Geologist Peter Clift Named 2021 LSU Distinguished Research Master
3/15/2022
BATON ROUGE—LSU Department of Geology & Geophysics Charles T. McCord Endowed Professor Peter Clift has been selected as the 2021 LSU Distinguished Research Master in Science, Technology, Engineering & Mathematics (STEM).
The award honors the exceptional research and scholarship of two LSU faculty each year from the Office of Research & Economic Development. Clift is joined by LSU Department of Sociology Professor Wesley Shrum as the 2021 honorees.
Since 1972, the Council on Research has presented the University-wide award of Distinguished Research Master in recognition of outstanding career accomplishments in research and scholarship. The recipient is chosen by the Council from nominees proposed from the University community.

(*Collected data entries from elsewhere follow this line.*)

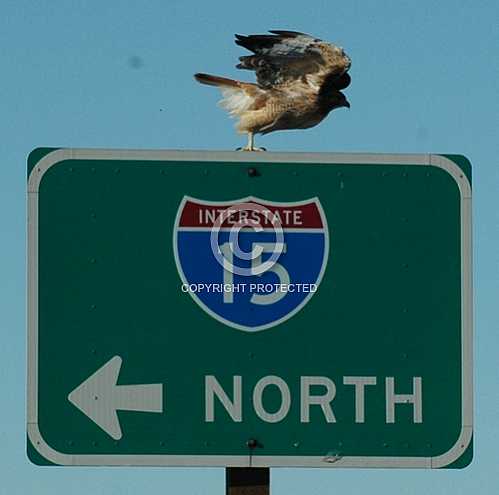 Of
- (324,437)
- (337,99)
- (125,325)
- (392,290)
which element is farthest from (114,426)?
(337,99)

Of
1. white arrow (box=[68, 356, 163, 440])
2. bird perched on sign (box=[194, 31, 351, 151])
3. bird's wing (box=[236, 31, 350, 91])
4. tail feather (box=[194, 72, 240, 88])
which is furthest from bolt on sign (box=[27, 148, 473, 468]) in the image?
tail feather (box=[194, 72, 240, 88])

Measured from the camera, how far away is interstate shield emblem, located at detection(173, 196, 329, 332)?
5.07 meters

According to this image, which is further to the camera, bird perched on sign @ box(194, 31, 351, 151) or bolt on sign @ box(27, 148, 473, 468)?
bird perched on sign @ box(194, 31, 351, 151)

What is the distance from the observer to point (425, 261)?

“I want to offer my congratulations to Dr. Clift for being honored as an LSU distinguished master researcher. Our faculty continue to be world leaders in research and scholarship, and Dr. Clift is no exception,” said LSU College of Science Dean Cynthia Peterson.

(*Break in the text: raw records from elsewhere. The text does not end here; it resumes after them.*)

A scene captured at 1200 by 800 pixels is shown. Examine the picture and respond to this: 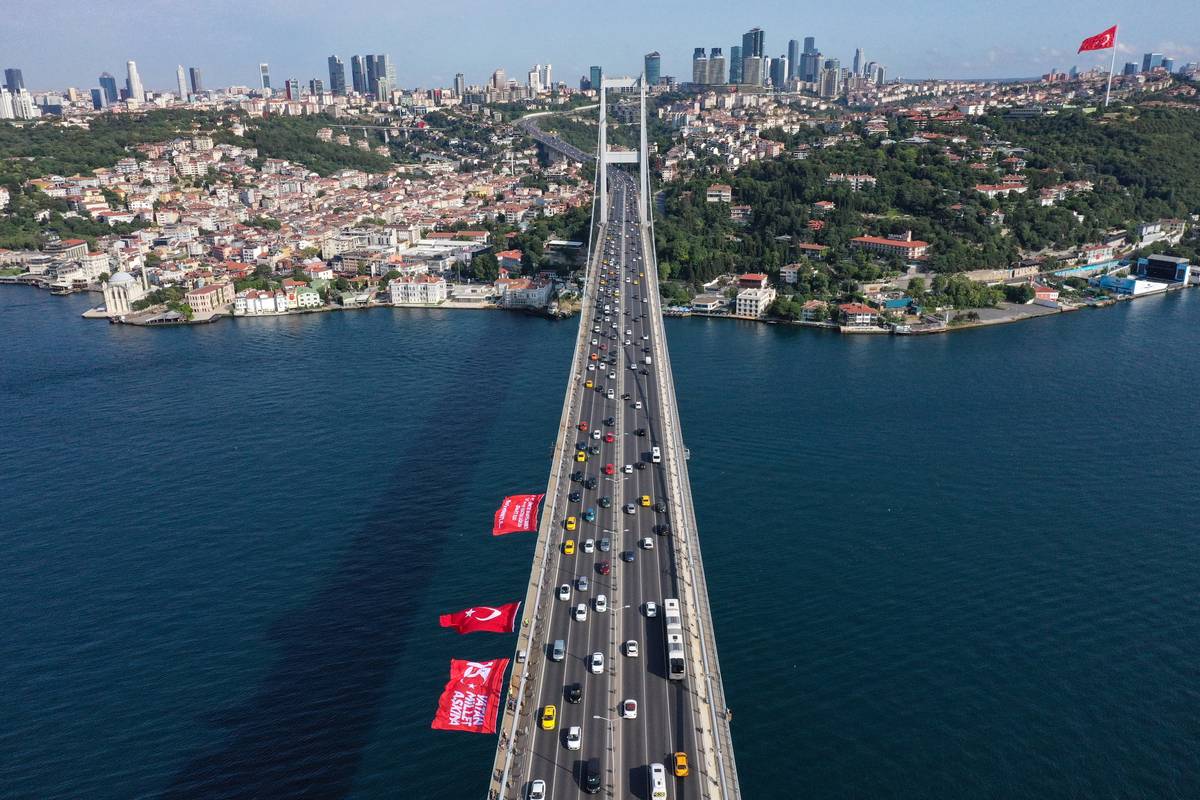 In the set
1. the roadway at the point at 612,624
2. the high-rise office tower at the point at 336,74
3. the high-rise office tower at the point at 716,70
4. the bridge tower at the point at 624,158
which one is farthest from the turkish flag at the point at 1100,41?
the high-rise office tower at the point at 336,74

Clift’s research focuses on the sedimentary and tectonic evolution of active and collisional plate margins, with a particular interest in the role that erosion and weathering have in controlling long term development of global climate and how South and Southeast Asia have influenced the climate system. Most recently, Clift presented his research, “Weathering of the Himalayas and its Impact on Global Climate,” at the 2021 American Geophysical Union Fall Meeting in New Orleans.
Clift grew up north of London, where he attended England’s oldest Catholic school. He earned both a BA and a MA in geology at the University of Oxford before moving to Edinburgh, Scotland, to complete his PhD, which focused on the geology of southern Greece.
Upon graduating, he stayed on at the University of Edinburgh as a postdoctoral research fellow but started working on marine geology, focusing on the Tonga area of the Southwest Pacific. In 1993, Clift moved to the U.S. to work for Texas A&M University on the operation of the drilling ship on which he has now sailed nine times.
Then in 1995, he moved to Woods Hole Oceanographic Institution in Cape Cod, Mass., where his research career switched to the geology of Asia, both onshore in the Himalayas and offshore in the South China and Arabian seas.
After moving to Aberdeen, Scotland, in 2004, he continued to focus on the evolution of the Asian monsoon and mountain building in Asia and built up strong links with universities in China and Vietnam, while spending a third of his time working at the Universität Bremen in Bremen, Germany.
In 2012, Clift was appointed as the Charles T. McCord Jr Chair in Petroleum Geology at LSU.
In addition to teaching and research, Clift serves as editor-in-chief for Geological Magazine, a 157-year-old journal that publishes original scientific research papers on geological topics, as well as attending to numerous other external service duties.
In 2005, Clift won the Murchison Fund of the Geological Society of London, and he became a Fellow of the Geological Society of America in 2008.